> Stored entries
--------
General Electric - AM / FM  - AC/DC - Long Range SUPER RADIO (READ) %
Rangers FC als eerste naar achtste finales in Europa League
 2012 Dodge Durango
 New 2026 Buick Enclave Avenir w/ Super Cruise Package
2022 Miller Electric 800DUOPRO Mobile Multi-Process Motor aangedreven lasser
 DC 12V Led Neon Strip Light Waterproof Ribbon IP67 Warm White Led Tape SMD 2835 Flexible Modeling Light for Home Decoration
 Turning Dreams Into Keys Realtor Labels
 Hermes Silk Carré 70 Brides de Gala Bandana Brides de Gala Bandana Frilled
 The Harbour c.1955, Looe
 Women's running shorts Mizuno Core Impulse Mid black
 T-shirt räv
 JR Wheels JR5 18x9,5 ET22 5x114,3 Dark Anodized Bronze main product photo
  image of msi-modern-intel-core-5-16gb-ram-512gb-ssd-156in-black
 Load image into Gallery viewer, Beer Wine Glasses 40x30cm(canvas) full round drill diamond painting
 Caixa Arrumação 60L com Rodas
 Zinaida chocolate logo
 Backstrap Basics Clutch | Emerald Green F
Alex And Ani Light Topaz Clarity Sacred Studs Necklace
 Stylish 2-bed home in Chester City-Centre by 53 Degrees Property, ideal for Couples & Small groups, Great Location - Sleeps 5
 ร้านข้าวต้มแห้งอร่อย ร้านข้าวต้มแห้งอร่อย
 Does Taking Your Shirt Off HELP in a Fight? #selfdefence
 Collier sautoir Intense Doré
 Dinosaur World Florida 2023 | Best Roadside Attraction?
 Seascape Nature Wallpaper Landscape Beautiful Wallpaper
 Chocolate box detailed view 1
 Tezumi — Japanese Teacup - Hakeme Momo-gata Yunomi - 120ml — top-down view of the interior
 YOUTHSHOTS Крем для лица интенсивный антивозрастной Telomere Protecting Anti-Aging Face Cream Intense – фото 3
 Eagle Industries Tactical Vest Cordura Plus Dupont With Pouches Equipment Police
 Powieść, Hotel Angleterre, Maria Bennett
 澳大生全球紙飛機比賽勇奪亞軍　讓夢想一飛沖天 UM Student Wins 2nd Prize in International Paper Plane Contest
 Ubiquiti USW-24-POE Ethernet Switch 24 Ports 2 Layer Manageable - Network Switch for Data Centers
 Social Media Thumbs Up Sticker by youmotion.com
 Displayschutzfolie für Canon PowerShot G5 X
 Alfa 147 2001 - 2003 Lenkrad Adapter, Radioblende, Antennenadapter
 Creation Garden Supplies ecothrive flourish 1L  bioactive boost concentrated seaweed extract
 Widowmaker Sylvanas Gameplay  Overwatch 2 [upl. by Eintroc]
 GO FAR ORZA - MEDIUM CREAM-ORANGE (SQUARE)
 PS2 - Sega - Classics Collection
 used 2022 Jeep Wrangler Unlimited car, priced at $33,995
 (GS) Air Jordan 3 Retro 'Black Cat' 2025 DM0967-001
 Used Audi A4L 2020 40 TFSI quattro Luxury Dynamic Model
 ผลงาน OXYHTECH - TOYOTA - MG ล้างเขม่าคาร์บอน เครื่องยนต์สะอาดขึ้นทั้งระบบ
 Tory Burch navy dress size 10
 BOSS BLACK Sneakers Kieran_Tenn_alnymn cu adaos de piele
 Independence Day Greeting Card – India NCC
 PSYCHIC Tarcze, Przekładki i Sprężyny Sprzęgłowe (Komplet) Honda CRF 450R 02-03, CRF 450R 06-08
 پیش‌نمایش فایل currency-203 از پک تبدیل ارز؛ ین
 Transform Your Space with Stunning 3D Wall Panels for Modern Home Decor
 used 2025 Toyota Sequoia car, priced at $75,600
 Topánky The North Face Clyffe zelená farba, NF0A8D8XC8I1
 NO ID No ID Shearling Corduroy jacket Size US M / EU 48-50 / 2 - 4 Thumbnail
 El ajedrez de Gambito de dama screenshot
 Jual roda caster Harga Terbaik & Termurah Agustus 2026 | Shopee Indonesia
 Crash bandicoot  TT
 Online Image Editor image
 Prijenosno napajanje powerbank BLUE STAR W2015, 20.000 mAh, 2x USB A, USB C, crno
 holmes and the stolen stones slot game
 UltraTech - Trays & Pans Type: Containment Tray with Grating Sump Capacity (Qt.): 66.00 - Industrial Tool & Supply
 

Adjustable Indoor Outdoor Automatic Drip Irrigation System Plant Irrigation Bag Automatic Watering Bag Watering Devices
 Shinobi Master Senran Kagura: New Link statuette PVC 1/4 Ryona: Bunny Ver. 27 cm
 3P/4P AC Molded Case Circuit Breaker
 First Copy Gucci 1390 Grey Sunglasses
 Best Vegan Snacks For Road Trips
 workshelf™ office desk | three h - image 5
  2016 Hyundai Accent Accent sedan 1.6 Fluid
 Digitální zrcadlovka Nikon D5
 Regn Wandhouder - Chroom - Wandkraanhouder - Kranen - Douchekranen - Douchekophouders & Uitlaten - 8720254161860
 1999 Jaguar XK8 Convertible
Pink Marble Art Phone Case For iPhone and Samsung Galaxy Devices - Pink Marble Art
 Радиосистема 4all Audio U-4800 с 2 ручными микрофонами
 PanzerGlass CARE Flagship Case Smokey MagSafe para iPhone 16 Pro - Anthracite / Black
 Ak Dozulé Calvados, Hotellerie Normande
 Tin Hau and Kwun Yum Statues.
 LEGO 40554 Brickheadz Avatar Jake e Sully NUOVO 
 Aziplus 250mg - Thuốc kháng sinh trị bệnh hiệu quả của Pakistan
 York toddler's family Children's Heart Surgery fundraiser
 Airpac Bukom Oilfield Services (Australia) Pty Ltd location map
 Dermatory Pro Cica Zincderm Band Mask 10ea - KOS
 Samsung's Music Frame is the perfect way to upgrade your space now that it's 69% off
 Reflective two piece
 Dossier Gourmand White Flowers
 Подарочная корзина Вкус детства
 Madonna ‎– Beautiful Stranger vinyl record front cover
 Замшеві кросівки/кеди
--------
> THE TASK
Would you copy out all of the entries exactly?

> YOUR RESPONSE
General Electric - AM / FM  - AC/DC - Long Range SUPER RADIO (READ) %
Rangers FC als eerste naar achtste finales in Europa League
 2012 Dodge Durango
 New 2026 Buick Enclave Avenir w/ Super Cruise Package
2022 Miller Electric 800DUOPRO Mobile Multi-Process Motor aangedreven lasser
 DC 12V Led Neon Strip Light Waterproof Ribbon IP67 Warm White Led Tape SMD 2835 Flexible Modeling Light for Home Decoration
 Turning Dreams Into Keys Realtor Labels
 Hermes Silk Carré 70 Brides de Gala Bandana Brides de Gala Bandana Frilled
 The Harbour c.1955, Looe
 Women's running shorts Mizuno Core Impulse Mid black
 T-shirt räv
 JR Wheels JR5 18x9,5 ET22 5x114,3 Dark Anodized Bronze main product photo
  image of msi-modern-intel-core-5-16gb-ram-512gb-ssd-156in-black
 Load image into Gallery viewer, Beer Wine Glasses 40x30cm(canvas) full round drill diamond painting
 Caixa Arrumação 60L com Rodas
 Zinaida chocolate logo
 Backstrap Basics Clutch | Emerald Green F
Alex And Ani Light Topaz Clarity Sacred Studs Necklace
 Stylish 2-bed home in Chester City-Centre by 53 Degrees Property, ideal for Couples & Small groups, Great Location - Sleeps 5
 ร้านข้าวต้มแห้งอร่อย ร้านข้าวต้มแห้งอร่อย
 Does Taking Your Shirt Off HELP in a Fight? #selfdefence
 Collier sautoir Intense Doré
 Dinosaur World Florida 2023 | Best Roadside Attraction?
 Seascape Nature Wallpaper Landscape Beautiful Wallpaper
 Chocolate box detailed view 1
 Tezumi — Japanese Teacup - Hakeme Momo-gata Yunomi - 120ml — top-down view of the interior
 YOUTHSHOTS Крем для лица интенсивный антивозрастной Telomere Protecting Anti-Aging Face Cream Intense – фото 3
 Eagle Industries Tactical Vest Cordura Plus Dupont With Pouches Equipment Police
 Powieść, Hotel Angleterre, Maria Bennett
 澳大生全球紙飛機比賽勇奪亞軍　讓夢想一飛沖天 UM Student Wins 2nd Prize in International Paper Plane Contest
 Ubiquiti USW-24-POE Ethernet Switch 24 Ports 2 Layer Manageable - Network Switch for Data Centers
 Social Media Thumbs Up Sticker by youmotion.com
 Displayschutzfolie für Canon PowerShot G5 X
 Alfa 147 2001 - 2003 Lenkrad Adapter, Radioblende, Antennenadapter
 Creation Garden Supplies ecothrive flourish 1L  bioactive boost concentrated seaweed extract
 Widowmaker Sylvanas Gameplay  Overwatch 2 [upl. by Eintroc]
 GO FAR ORZA - MEDIUM CREAM-ORANGE (SQUARE)
 PS2 - Sega - Classics Collection
 used 2022 Jeep Wrangler Unlimited car, priced at $33,995
 (GS) Air Jordan 3 Retro 'Black Cat' 2025 DM0967-001
 Used Audi A4L 2020 40 TFSI quattro Luxury Dynamic Model
 ผลงาน OXYHTECH - TOYOTA - MG ล้างเขม่าคาร์บอน เครื่องยนต์สะอาดขึ้นทั้งระบบ
 Tory Burch navy dress size 10
 BOSS BLACK Sneakers Kieran_Tenn_alnymn cu adaos de piele
 Independence Day Greeting Card – India NCC
 PSYCHIC Tarcze, Przekładki i Sprężyny Sprzęgłowe (Komplet) Honda CRF 450R 02-03, CRF 450R 06-08
 پیش‌نمایش فایل currency-203 از پک تبدیل ارز؛ ین
 Transform Your Space with Stunning 3D Wall Panels for Modern Home Decor
 used 2025 Toyota Sequoia car, priced at $75,600
 Topánky The North Face Clyffe zelená farba, NF0A8D8XC8I1
 NO ID No ID Shearling Corduroy jacket Size US M / EU 48-50 / 2 - 4 Thumbnail
 El ajedrez de Gambito de dama screenshot
 Jual roda caster Harga Terbaik & Termurah Agustus 2026 | Shopee Indonesia
 Crash bandicoot  TT
 Online Image Editor image
 Prijenosno napajanje powerbank BLUE STAR W2015, 20.000 mAh, 2x USB A, USB C, crno
 holmes and the stolen stones slot game
 UltraTech - Trays & Pans Type: Containment Tray with Grating Sump Capacity (Qt.): 66.00 - Industrial Tool & Supply
 

Adjustable Indoor Outdoor Automatic Drip Irrigation System Plant Irrigation Bag Automatic Watering Bag Watering Devices
 Shinobi Master Senran Kagura: New Link statuette PVC 1/4 Ryona: Bunny Ver. 27 cm
 3P/4P AC Molded Case Circuit Breaker
 First Copy Gucci 1390 Grey Sunglasses
 Best Vegan Snacks For Road Trips
 workshelf™ office desk | three h - image 5
  2016 Hyundai Accent Accent sedan 1.6 Fluid
 Digitální zrcadlovka Nikon D5
 Regn Wandhouder - Chroom - Wandkraanhouder - Kranen - Douchekranen - Douchekophouders & Uitlaten - 8720254161860
 1999 Jaguar XK8 Convertible
Pink Marble Art Phone Case For iPhone and Samsung Galaxy Devices - Pink Marble Art
 Радиосистема 4all Audio U-4800 с 2 ручными микрофонами
 PanzerGlass CARE Flagship Case Smokey MagSafe para iPhone 16 Pro - Anthracite / Black
 Ak Dozulé Calvados, Hotellerie Normande
 Tin Hau and Kwun Yum Statues.
 LEGO 40554 Brickheadz Avatar Jake e Sully NUOVO 
 Aziplus 250mg - Thuốc kháng sinh trị bệnh hiệu quả của Pakistan
 York toddler's family Children's Heart Surgery fundraiser
 Airpac Bukom Oilfield Services (Australia) Pty Ltd location map
 Dermatory Pro Cica Zincderm Band Mask 10ea - KOS
 Samsung's Music Frame is the perfect way to upgrade your space now that it's 69% off
 Reflective two piece
 Dossier Gourmand White Flowers
 Подарочная корзина Вкус детства
 Madonna ‎– Beautiful Stranger vinyl record front cover
 Замшеві кросівки/кеди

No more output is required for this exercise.